Task statement -
Write out the entries exactly. None of the pictures should appear in the copy.

Entries provided -
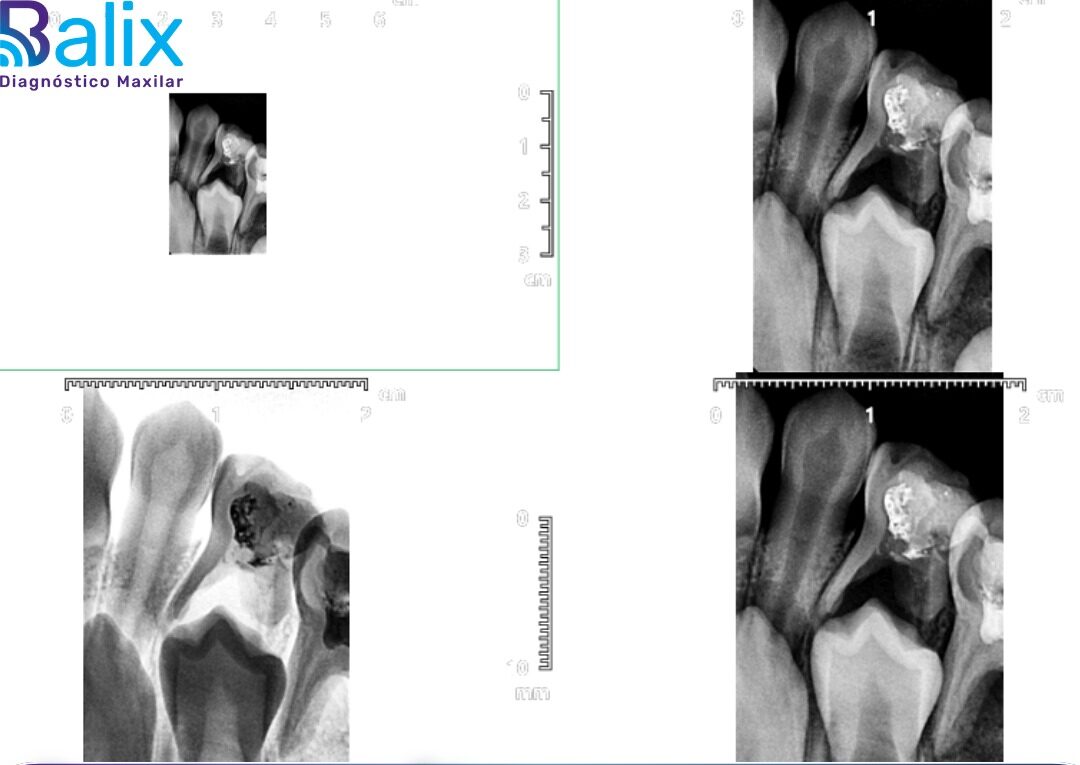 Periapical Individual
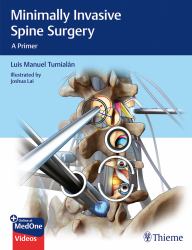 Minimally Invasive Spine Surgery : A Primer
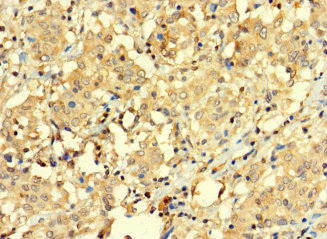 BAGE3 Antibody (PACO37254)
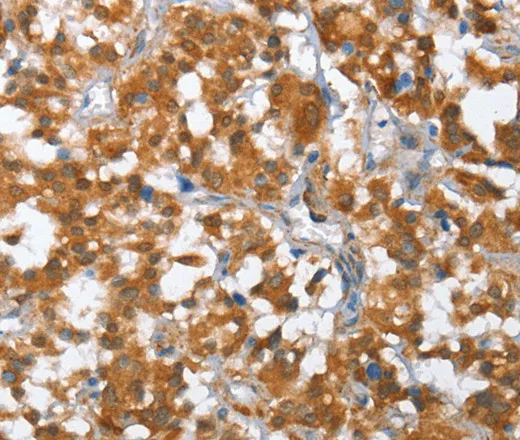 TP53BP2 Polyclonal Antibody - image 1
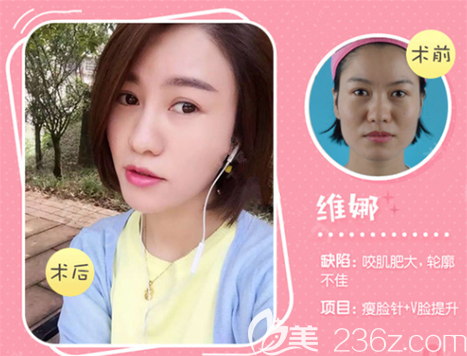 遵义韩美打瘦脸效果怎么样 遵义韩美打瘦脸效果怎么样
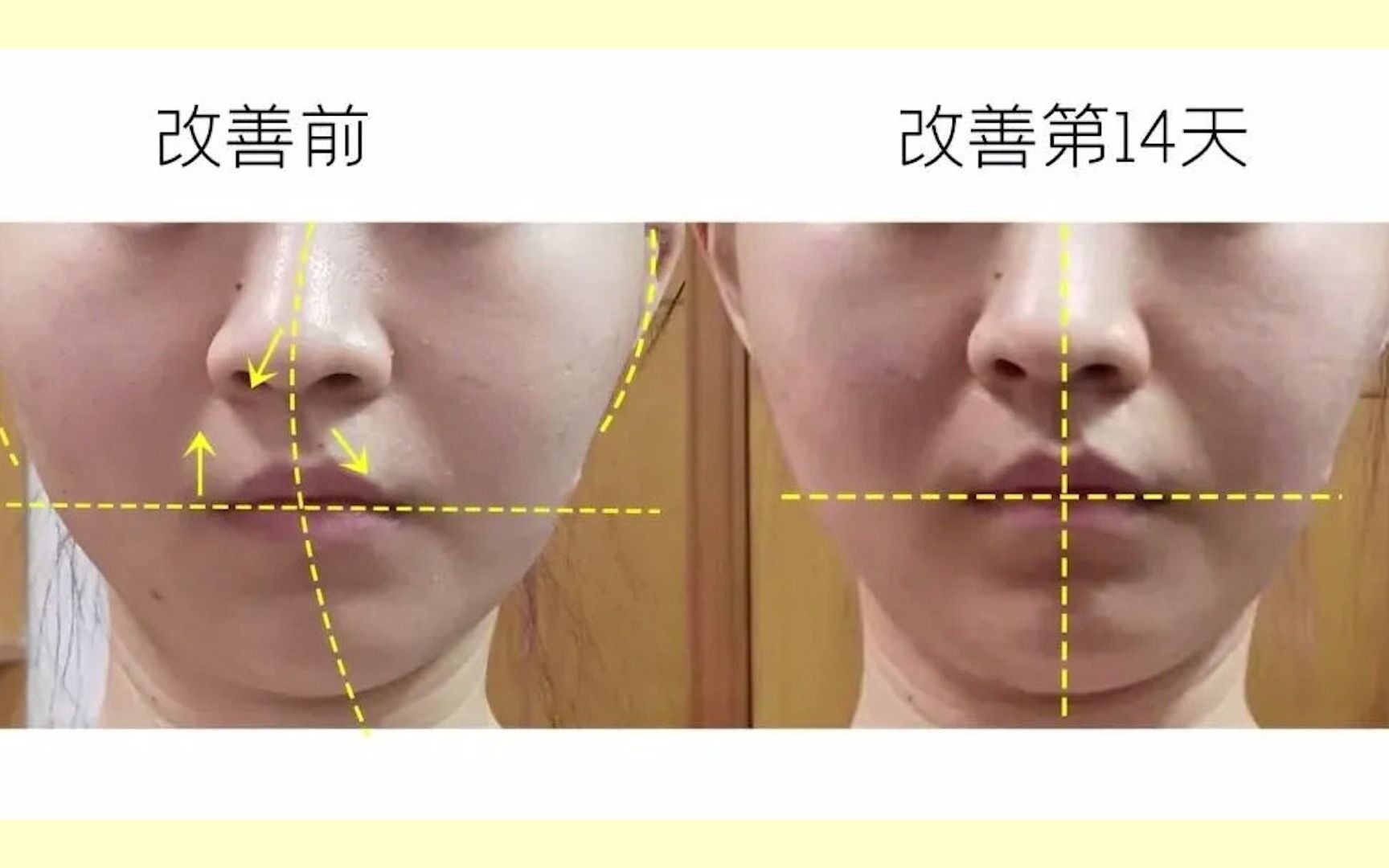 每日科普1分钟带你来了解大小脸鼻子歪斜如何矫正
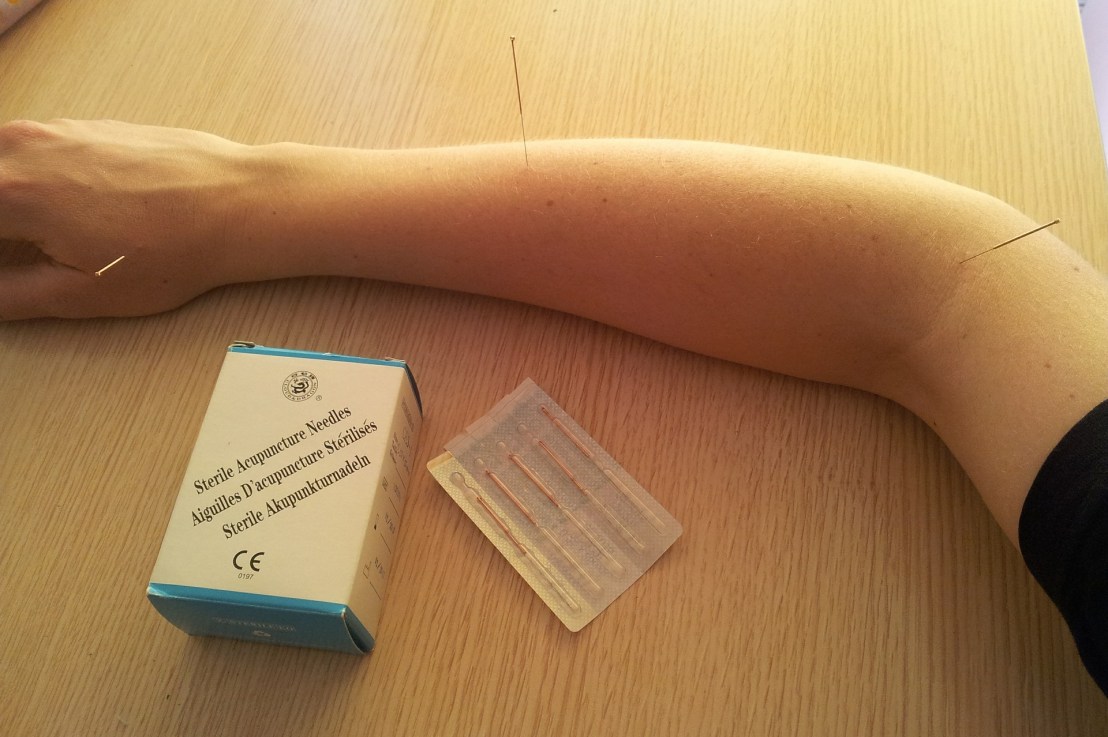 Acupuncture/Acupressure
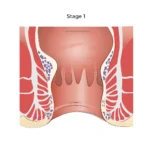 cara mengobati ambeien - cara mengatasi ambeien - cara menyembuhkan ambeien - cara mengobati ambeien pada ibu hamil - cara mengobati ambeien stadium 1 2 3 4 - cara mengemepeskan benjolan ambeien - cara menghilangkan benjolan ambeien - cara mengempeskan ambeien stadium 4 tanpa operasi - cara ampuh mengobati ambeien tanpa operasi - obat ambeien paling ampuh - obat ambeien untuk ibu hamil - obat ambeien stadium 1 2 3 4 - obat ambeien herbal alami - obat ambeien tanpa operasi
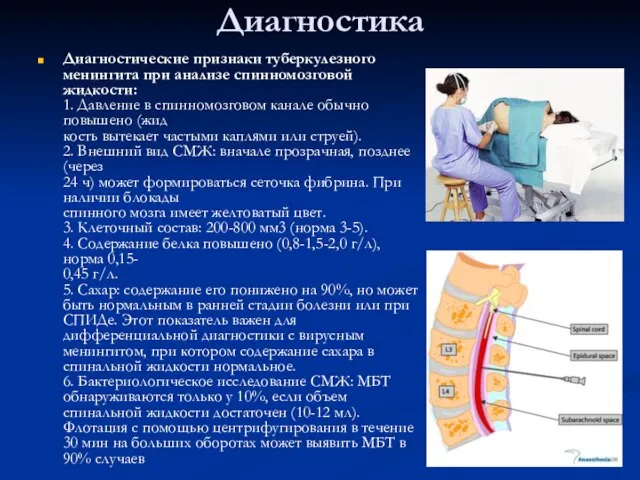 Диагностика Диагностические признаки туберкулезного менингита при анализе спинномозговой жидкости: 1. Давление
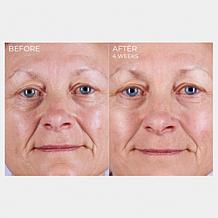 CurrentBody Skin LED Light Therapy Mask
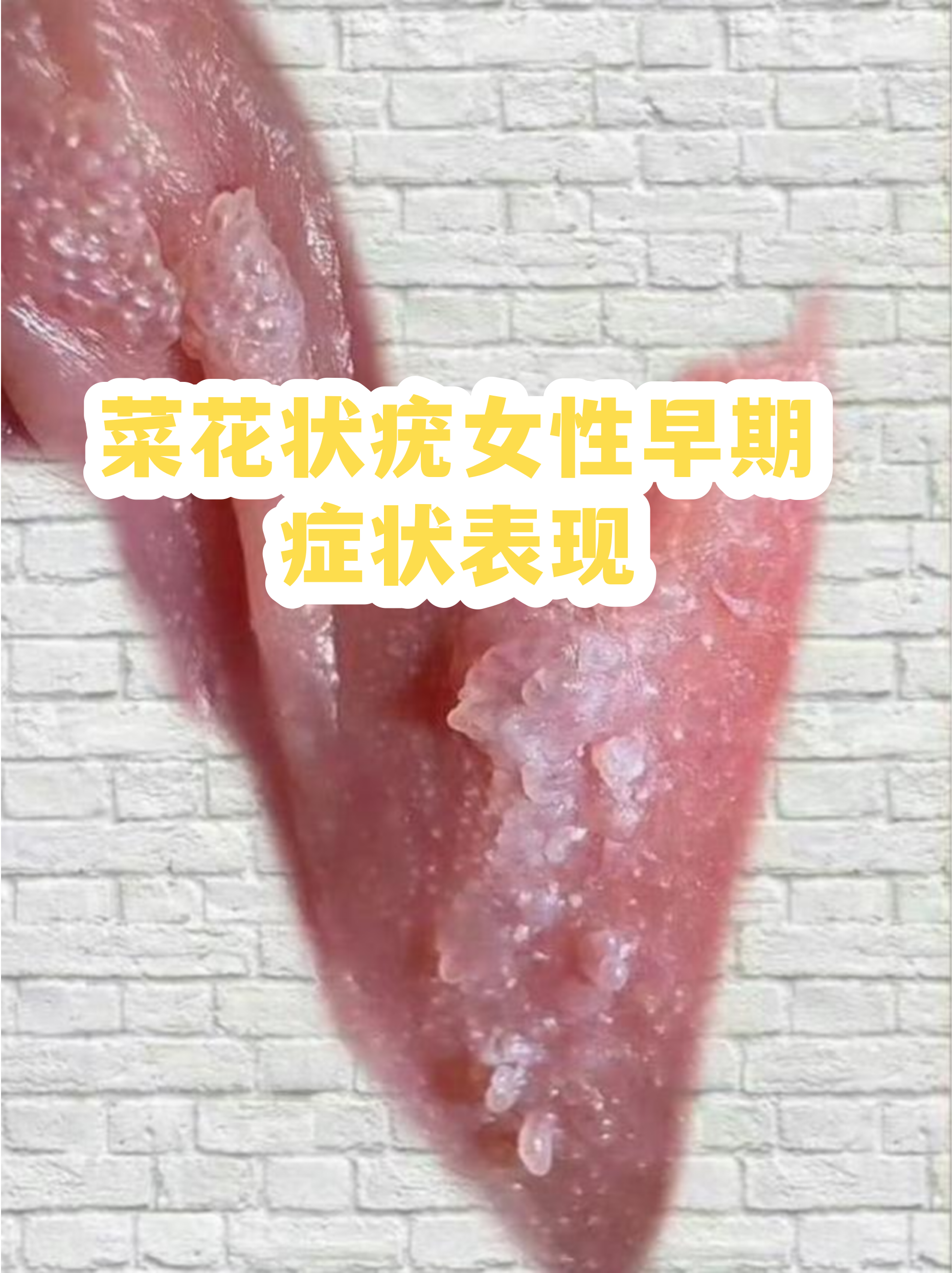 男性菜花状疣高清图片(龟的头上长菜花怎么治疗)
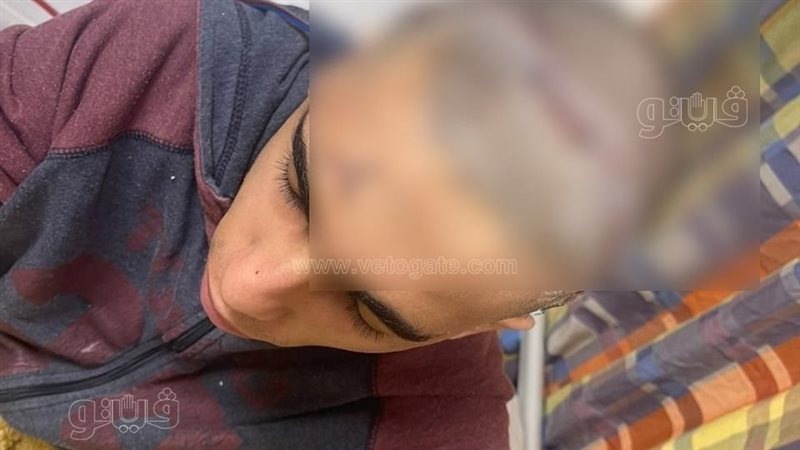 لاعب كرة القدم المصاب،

Completed exercise -
 Periapical Individual
 Minimally Invasive Spine Surgery : A Primer
 BAGE3 Antibody (PACO37254)
 TP53BP2 Polyclonal Antibody - image 1
 遵义韩美打瘦脸效果怎么样 遵义韩美打瘦脸效果怎么样
 每日科普1分钟带你来了解大小脸鼻子歪斜如何矫正
 Acupuncture/Acupressure
 cara mengobati ambeien - cara mengatasi ambeien - cara menyembuhkan ambeien - cara mengobati ambeien pada ibu hamil - cara mengobati ambeien stadium 1 2 3 4 - cara mengemepeskan benjolan ambeien - cara menghilangkan benjolan ambeien - cara mengempeskan ambeien stadium 4 tanpa operasi - cara ampuh mengobati ambeien tanpa operasi - obat ambeien paling ampuh - obat ambeien untuk ibu hamil - obat ambeien stadium 1 2 3 4 - obat ambeien herbal alami - obat ambeien tanpa operasi
 Диагностика Диагностические признаки туберкулезного менингита при анализе спинномозговой жидкости: 1. Давление
 CurrentBody Skin LED Light Therapy Mask
 男性菜花状疣高清图片(龟的头上长菜花怎么治疗)
 لاعب كرة القدم المصاب،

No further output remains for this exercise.